If instead you have 2 PostgreSQL nodes behind pacemaker (controlling a floating 
ip), what happens when you initiate a failover and move the floating ip? You 
want the connections to drain off node1 and move to node2. Again in this 
scenario, both nodes would be sustaining writes at some point in time. How does 
the write only replica get changed out of write mode during this failover? How 
does the primary node get switched to read only after the connection drain is 
complete?

Overall, I am trying to understand what it looks like operationally to run a 2 
node postgresql "cluster" and how patching both nodes would work (and mentally 
comparing it to what I currently do with mysql).

You recommended that primary-standby could be sufficient and is much simpler, 
so I am simply trying to wrap my head around what exactly running it would look 
like. If primary standby is simple enough to failover, patch , reboot, 
maintain, etc. Then you could be correct that master->master may not be needed.

Thank You
Jason

Jason Grammenos | Operations & Infrastructure Analyst  
Pronouns: he/him
P: 613.232.7797 x1131
Toll-free: 866.545.3745 x1131
jason.gramme...@agilitypr.com
agilitypr.com
Learn new PR tips from our free resources.

-Original Message-
From: Jehan-Guillaume de Rorthais  
Sent: Friday, October 13, 2023 9:10 AM
To: Jason Grammenos 
Cc: pgsql-general@lists.postgresql.org
Subject: Re: Postgresql HA cluster

On Fri, 13 Oct 2023 12:02:53 +
Jason Grammenos  wrote:

> Thank you for the feedback,
> 
> I have used pacemaker for other purposes previously so am a little 
> familiar with it.

So you might be familiar with shared-storage cluster, that are the simpler one 
you could deploy (baring you have a reliable HA storage available). But it's 
not a multi-primary cluster.

> It appears that in this scenario pacemaker is being used to manage a 
> floating ip as well as deal with split brain scenarios.

There's also two different resource agents dealing with PostgreSQL itself:
pgsql and PAF. Both handle multi-status differently from the administration 
point of view.

> What isn’t clear is how effective master-> master replication is being 
> accomplished.

There's no master-master in PostgreSQL core. There's few external solutions out 
there though, but double check you real needs, the real primary-standby 
capacity to answer you needs, and the various constraints M-M imply before 
rushing there.

> Postgresql streaming replication to the best of my limited knowledge 
> only replicates in one direction, from the active to the standby 
> servers. The issue this presents to me is that once you failover from 
> the active to the standby (or one of the standby’s depending on how 
> many you have) none of the data written on the standby is replicated back to 
> the formerly active server.

It depend if this is a "controlled failover" (aka. "switchover") or a real 
failover triggered by some failure. If this is a controlled failover, you can 
hook back your old primary as a standby with no trouble. PAF even handle this 
for you.

Moreover, even with a failure scenario, there's some solutions around to 
quickly fix your old primary data and get it back in production quickly as a 
standby (pg_rewind, PITR/pgbackrest, etc).

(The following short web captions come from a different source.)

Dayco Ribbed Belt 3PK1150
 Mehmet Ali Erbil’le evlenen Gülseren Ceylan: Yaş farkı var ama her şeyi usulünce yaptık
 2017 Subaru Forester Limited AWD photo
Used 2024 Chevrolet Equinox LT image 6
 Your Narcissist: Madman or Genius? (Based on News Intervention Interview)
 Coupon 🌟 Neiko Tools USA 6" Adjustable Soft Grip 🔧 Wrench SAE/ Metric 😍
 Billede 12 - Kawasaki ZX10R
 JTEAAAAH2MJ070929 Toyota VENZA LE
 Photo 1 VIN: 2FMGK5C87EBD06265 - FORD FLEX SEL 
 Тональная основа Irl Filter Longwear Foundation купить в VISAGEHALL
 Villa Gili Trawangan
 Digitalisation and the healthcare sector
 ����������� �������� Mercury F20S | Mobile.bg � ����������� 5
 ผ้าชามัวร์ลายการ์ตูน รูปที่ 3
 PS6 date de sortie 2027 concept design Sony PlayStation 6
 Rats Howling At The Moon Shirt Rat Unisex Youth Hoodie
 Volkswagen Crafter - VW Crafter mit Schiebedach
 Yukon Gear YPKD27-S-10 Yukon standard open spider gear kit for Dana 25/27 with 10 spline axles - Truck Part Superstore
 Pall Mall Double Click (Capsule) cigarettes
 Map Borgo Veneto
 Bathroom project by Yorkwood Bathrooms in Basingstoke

You just have to plan for failure and write you procedures accordingly to get 
the cluster back on feet quickly after a failover.

> Let us say that I have only 2 postgresql servers (absolute minimum 
> number) and I want to patch server A. Ideally, I would use a load 
> balancer (or other failover mechanism like pacemaker) and repoint the 
> floating ip to server B.
> Now traffic would “drain” down off server A, and slowly (or rapidly) 
> move to B. During the move some clients would still be writing to A 
> and some clients would be writing to B.

This doesn't exist as PostgreSQL has no multi-primary solution in core. You can 
do rolling upgrade, but you'll have to pause the production during the 
switchover between the primary and the standby.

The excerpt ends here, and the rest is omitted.